Preheat the oven to 250C / 400F
Sift the flour and baking powder into a large mixing bowl (this is important to add more “air” to the mixture).
Rub the butter into the flour mixture with your fingers – it is important to coat the flour with butter as much as possible. Keep doing this until the mixture has the consistency of fine breadcrumbs.
Add the sugar to the mixture and mix well with your fingers. (This is the stage when you can add in extra ingredients such as raisins and currants, if you wish.)
Add the eggs and some of the milk – do not add all the milk at once; go slow and check that the dough does not become too wet otherwise the scones will “drop”.
Mix well with your fingers until the dough forms a ball.
Tip the dough onto a floured board, scatter some more flour on top, and then knead lightly. It is very important not to over-work the dough otherwise the scones will become very hard.
When the dough looks smooth, gently pat it out (or use a rolling pin) into a thick slab, about 1 – 1.5 inches thick. This is one of the secrets to great scones – not rolling the dough out too thinly.
The dough should now be rested for at least 30 minutes – unless you are using a single-acting baking powder. Some chefs say that resting the dough for hours, even overnight, is the secret to getting really light, fluffy scones.
Using a cutter of your choice, stamp out the scones from the dough. Be careful not to twist the cutter as you are pressing it down – only twist it gently at the very bottom to free it.
Roll up any leftover dough and spread it out again – keep cutting out scones until you have used up all the mixture.

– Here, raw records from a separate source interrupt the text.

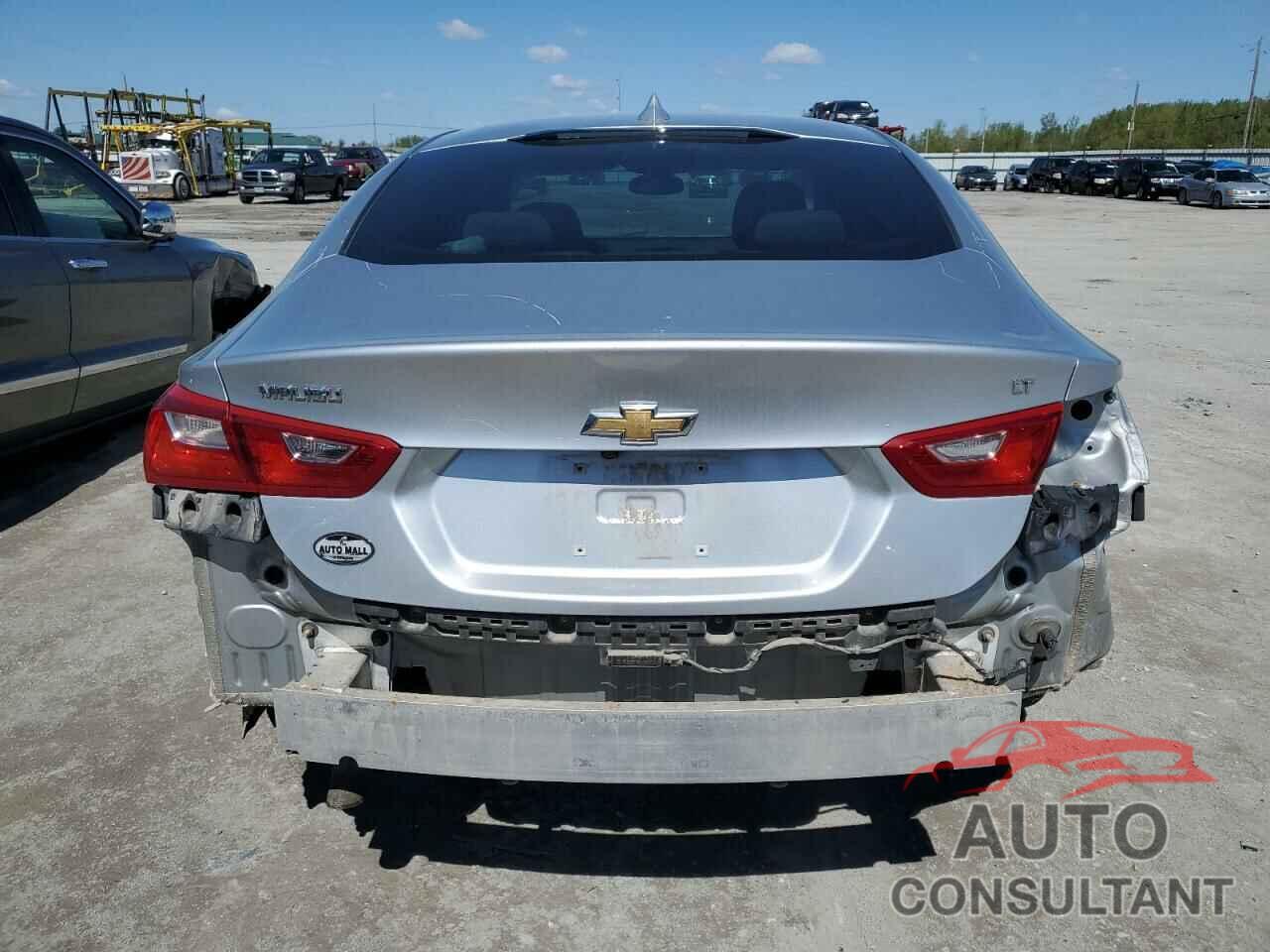 CHEVROLET MALIBU 2018 - 1G1ZD5ST0JF133946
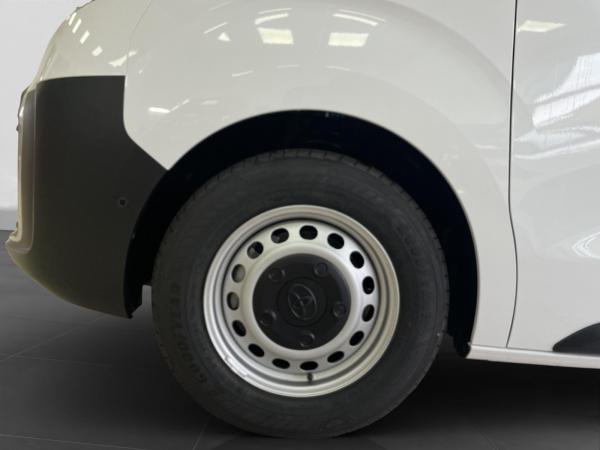 Toyota Proace 120 PS L1 Meister Navi (Flügeltüren/verglast) ⏰⏰Engelbart-Aktion bis 30.04.2026⏰⏰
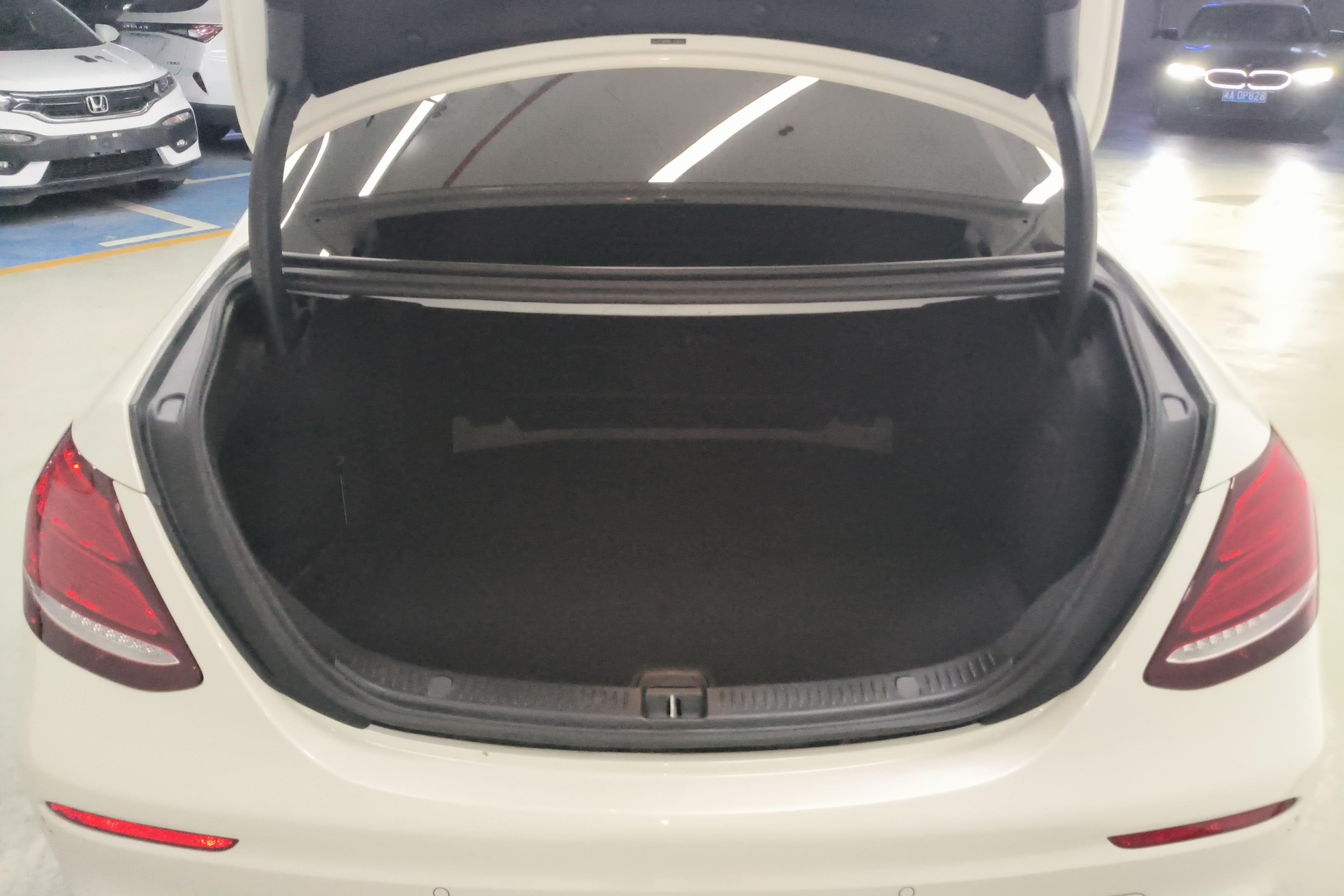 奔驰E级 E300L 2020款 2.0T 自动 汽油 运动豪华型 (国Ⅵ) 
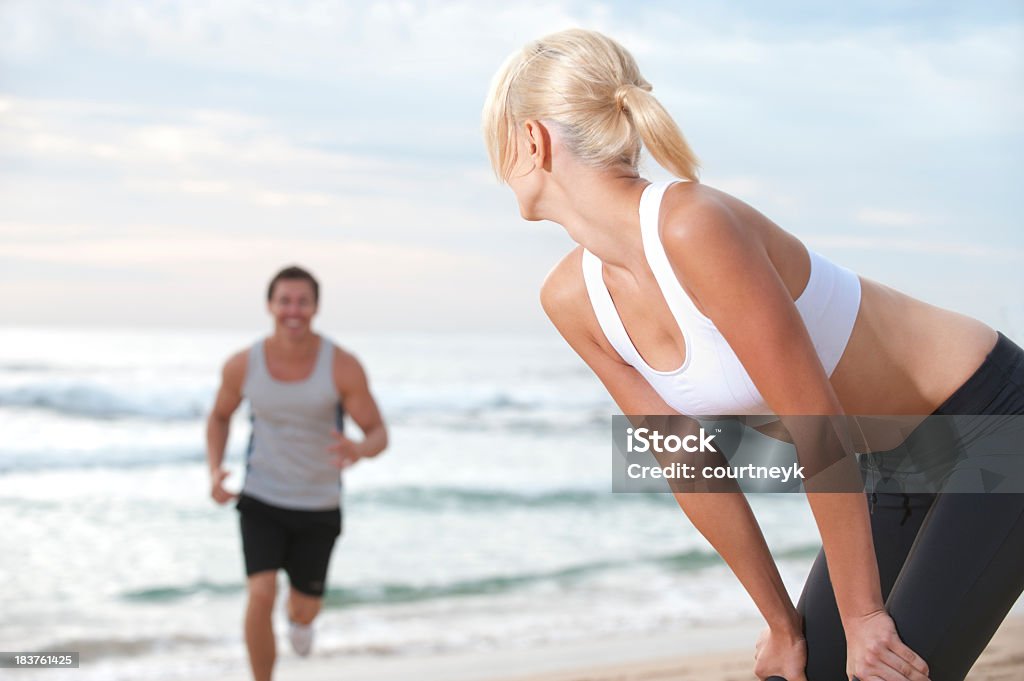 Jovem casal jogging e s'exercitar - Foto de stock de Adulto royalty-free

Place the cut rounds onto the greased baking tray or baking paper. Brush the tops with the the egg and milk wash – this will give them a lovely golden glaze.

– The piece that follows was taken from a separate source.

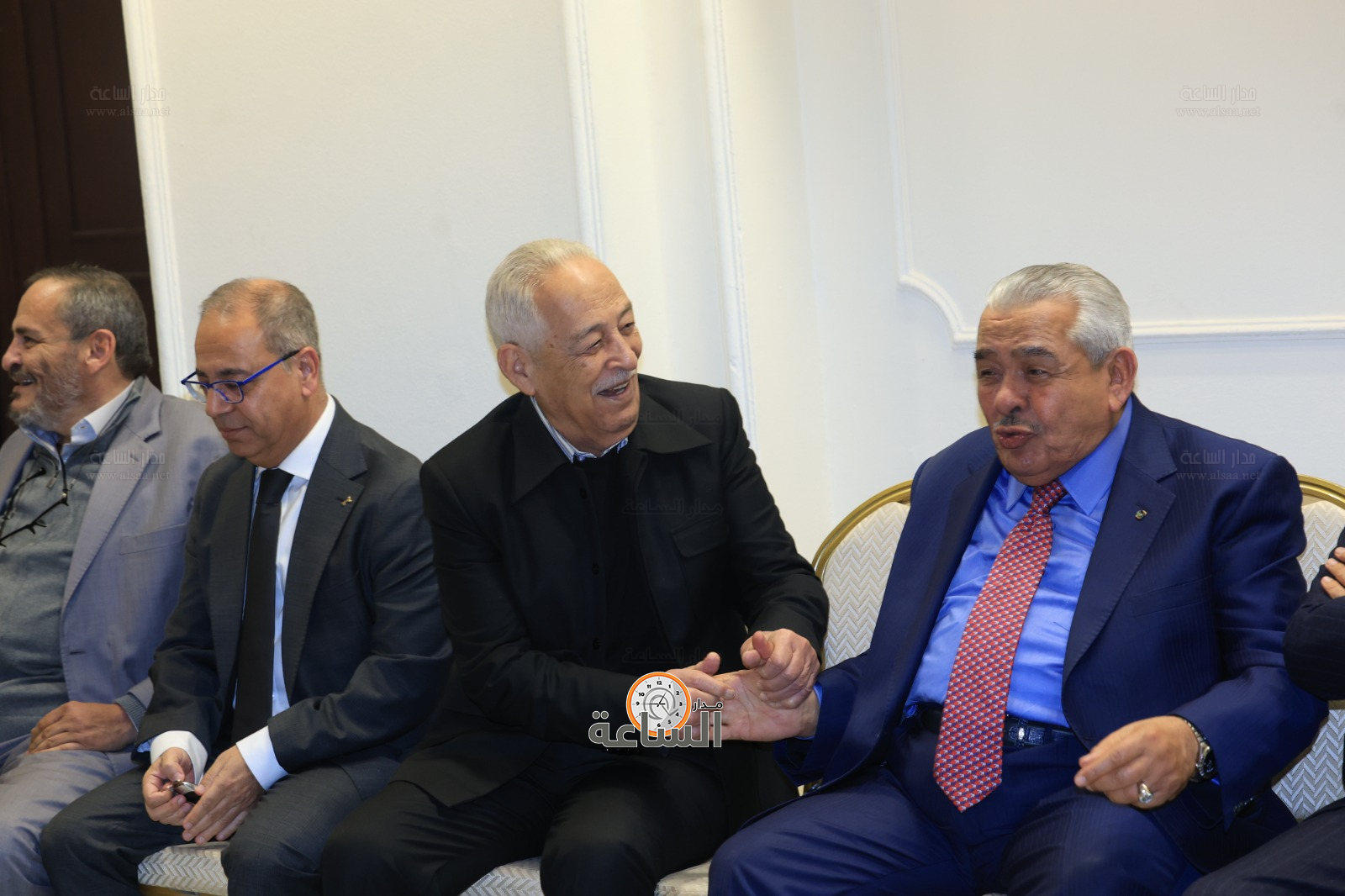 Madar Al-Saa Images 0.6834397672385243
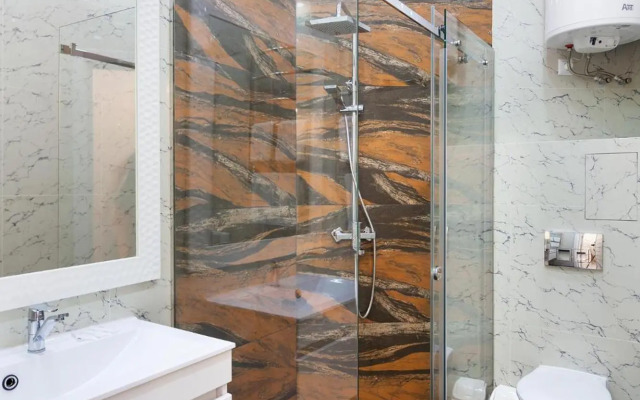 LEOGRAND One-bedroom apartment on Tugan-Baranovskogo 24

Bake in the hot oven for about 12 – 15 minutes.
Cool the scones on a wire rack. Serve warm with some jam and butter or clotted cream! Enjoy!

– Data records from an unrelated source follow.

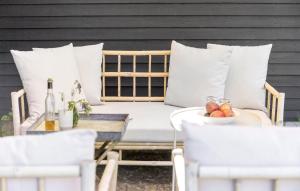 4 Bedroom Amazing Home In Dronningmølle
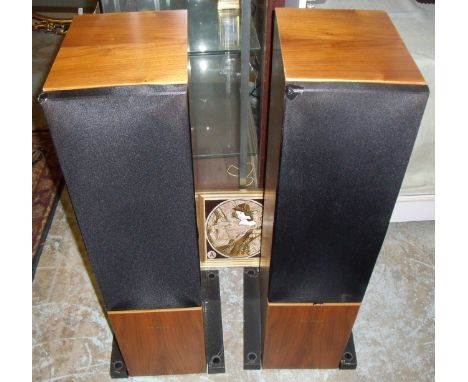 Pair of Linn Keilidh Elliott McGill speakers (3 inputs to each speaker)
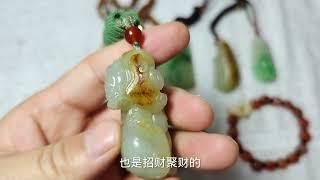 古玩市场没人，买货的人寥寥无几，正是捡漏的好时机！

*”Double-acting” baking powder contains both cream of tartar and baking soda and causes the dough to rise only after heat is applied. If you use single-acting baking powder (which rises immediately), then you must not leave the dough to “rest” but must cut the scones and bake them immediately.
**If you don’t have super fine sugar on hand, run regular granulated sugar in the food process for a minute or two.
***I used 2 teaspoons egg taken from the recipe’s beaten eggs and 2 teaspoons whole milk. You don’t need to waste an entire egg for this. A little goes a long way.